高校·大学·大学院時代、それぞれの友人達とカラオケに行った時も必ず誰かが歌っていた曲で、アニメ『鋼の錬金術師』第四期のオープニングテーマだったそうだが、実を言うとこの歌を本家本元のバンド演奏でじっくり聴いたことがなかった。
リズムやMVはカラオケ映像のおかげでぼんやり覚えている。さらに記憶にあるのは何人かのさまざまな歌声。高校の部活の先輩、大学の同期や後輩、院の友人。おかしな事にバンドのボーカルさんの歌声はインプットされていなくて、ぷかぷか浮かぶ本人映像と異なる歌声がちぐはぐに縫い込まれていた。
「高校のときめっちゃ流行ってたで。」
その効果は絶大で、アニメをリアルタイムで見ていなかった私でさえもこの歌の存在を知っていた。‘流行’はとても移ろいやすく、留まることを知らずあっという間に次の波に押し寄せられるもの。それでも、全く知らない人や遠く離れた人と一瞬でも共有された‘流行’によって、年月を経て知り合った相手とも、古い古いタイムカプセルを一緒に探し当てた同志のような感覚を得られる。‘流行’当時のお互いを知らなくても、気持ちがタイムスリップしてその時代の匂いや街の喧騒も蘇り、その場所で一緒に屯する擬似記憶が作られそうだ。2000年代や2010年代の雰囲気が、今とやはり違う雰囲気だったことを改めて認識した。
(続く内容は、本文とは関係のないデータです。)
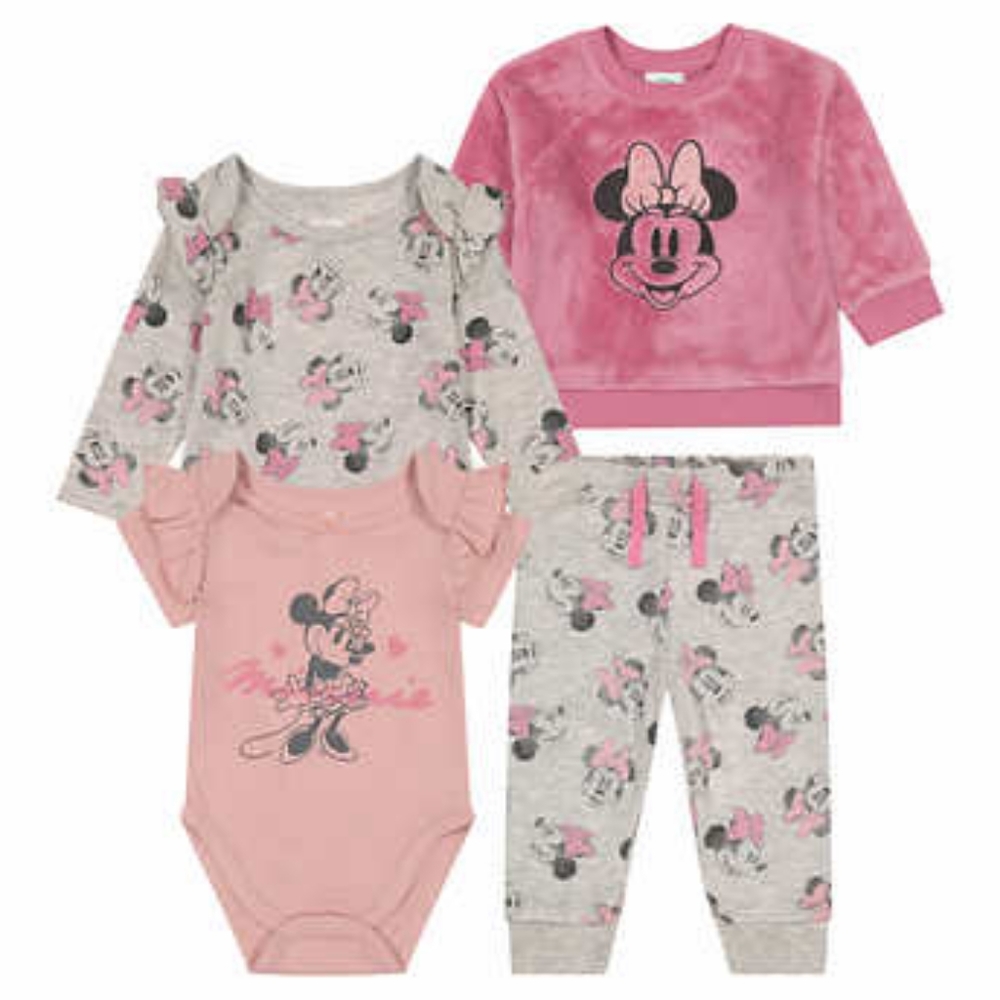 NWT Disney Baby 4 Piece Girls Minnie Mouse Plush Set, 24 Months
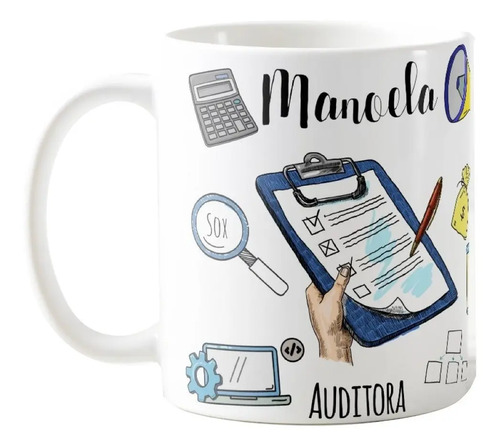 Caneca Profissão Auditoria Presente Criativo para Auditores - Profissões (Auditor com nome)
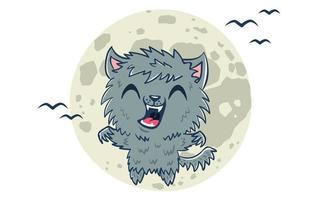 loup-garou dans le style kawaii vecteur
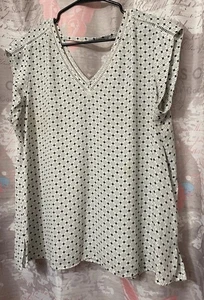 DR2 Womens Cap Sleeve Polka Dots Print Top - Size XL V Back Lace Detail - Picture 1 of 10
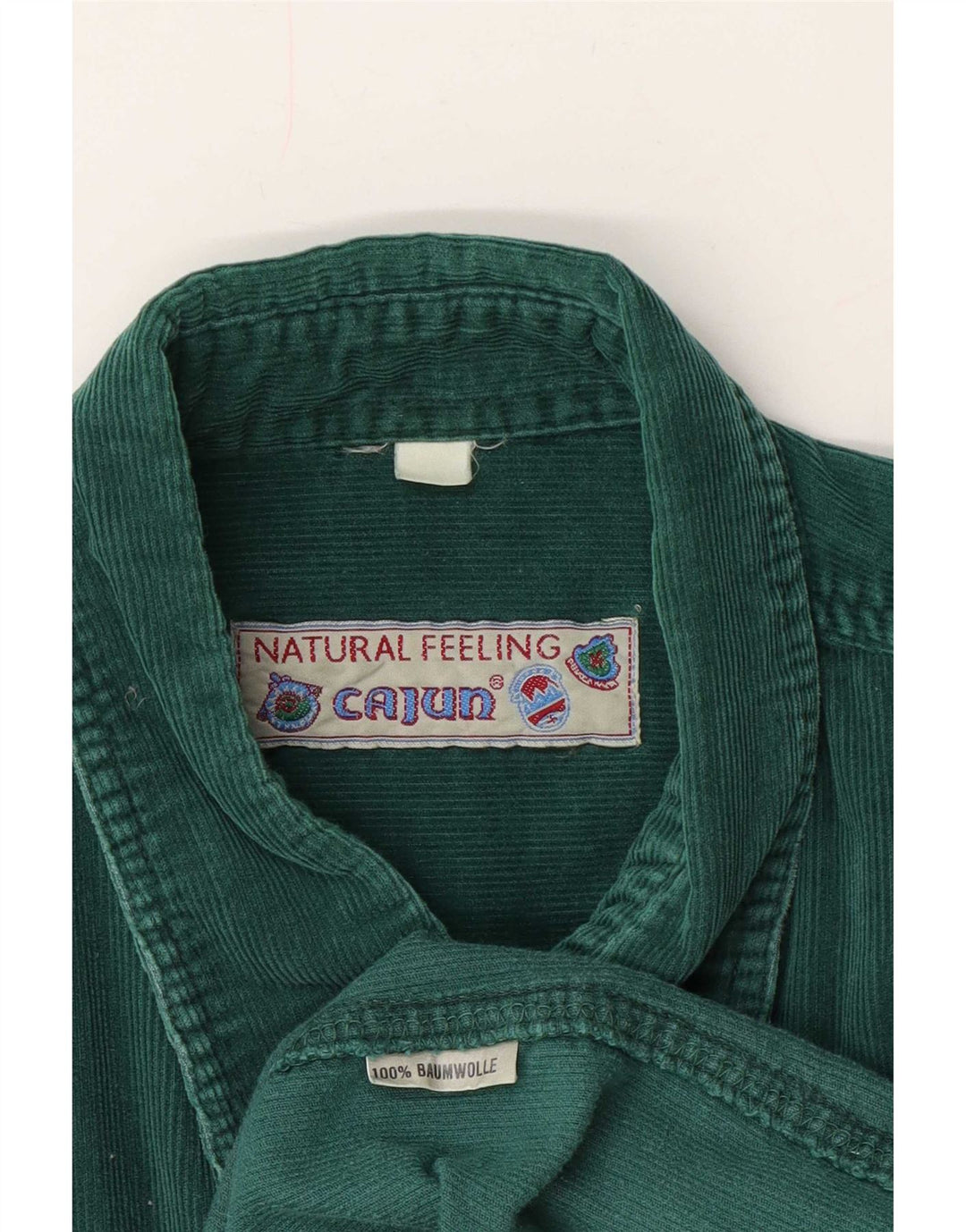 Camicia da uomo in velluto a coste Cajun XL in cotone verde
最近はYouTube musicにて、ASIAN KUNG-FU GENERATIONの『リライト』を聴くようになった。今まで何人もの『リライト』を耳にしてきたおかげで、脳内再生する時の『リライト』は、さながら合唱曲のように壮大で混声三部合唱になっている。今後お手本とも言うべき本家の曲を繰り返し聴いていたら、上書きされてロック曲として再生されるだろうか?